Ecco che quindi la pratica costante della meditazione mindfulness riduce i sintomi sia di natura fisica che psichica anche a lungo termine e riesce a modificare in maniera sostanziale il proprio atteggiamento nei confronti della vita proprio attraverso un approccio positivo costituito da una migliore percezione di sé e degli altri. Il tutto attraverso il lavoro di attenta consapevolezza al presente, alla focalizzazione nel qui ed ora.
Riferimenti bibliografici:
American Psychiatric Association, Manuale diagnostico e statistico dei disturbi mentali, quinta edizione DSM-5, ed Raffaello Cortina.
Braconnier A., Piccoli o grandi ansiosi?
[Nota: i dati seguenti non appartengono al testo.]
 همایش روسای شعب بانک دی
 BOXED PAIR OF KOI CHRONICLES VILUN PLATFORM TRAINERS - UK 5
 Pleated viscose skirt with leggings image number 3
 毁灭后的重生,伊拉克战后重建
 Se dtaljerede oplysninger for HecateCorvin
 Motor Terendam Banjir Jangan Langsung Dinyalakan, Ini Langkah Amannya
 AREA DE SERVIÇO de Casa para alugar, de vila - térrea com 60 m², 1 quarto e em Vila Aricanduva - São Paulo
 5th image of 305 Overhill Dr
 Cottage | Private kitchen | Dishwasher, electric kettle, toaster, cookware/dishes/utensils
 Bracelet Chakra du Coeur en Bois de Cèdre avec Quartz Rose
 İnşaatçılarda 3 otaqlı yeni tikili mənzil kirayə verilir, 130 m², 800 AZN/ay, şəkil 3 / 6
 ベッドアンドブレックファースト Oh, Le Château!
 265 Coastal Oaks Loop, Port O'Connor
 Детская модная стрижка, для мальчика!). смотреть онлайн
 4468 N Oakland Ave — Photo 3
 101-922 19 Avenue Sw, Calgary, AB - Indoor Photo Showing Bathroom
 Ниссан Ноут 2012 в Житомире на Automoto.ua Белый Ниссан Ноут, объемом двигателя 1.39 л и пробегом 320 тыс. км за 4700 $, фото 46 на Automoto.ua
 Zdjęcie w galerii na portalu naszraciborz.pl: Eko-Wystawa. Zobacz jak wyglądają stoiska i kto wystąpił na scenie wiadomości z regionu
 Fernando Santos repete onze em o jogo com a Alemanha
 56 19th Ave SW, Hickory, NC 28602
Come trasformare l’ansia in una forza, Raffaello Cortina Editore, Milano, 2003.
La meditazione meglio di un ansiolitico, La Stampa, 06/06/2013.
Didonna, F. e Pinto, A. (2006), EMDR e Mindfulness: un ponte terapeutico tra passato e presente.
Gunaratana, H., La pratica della consapevolezza, Ubaldini Editore, Roma.
Bonecchi, A. (1991) (a cura di) Psicoterapia e meditazione, Mondadori, Milano.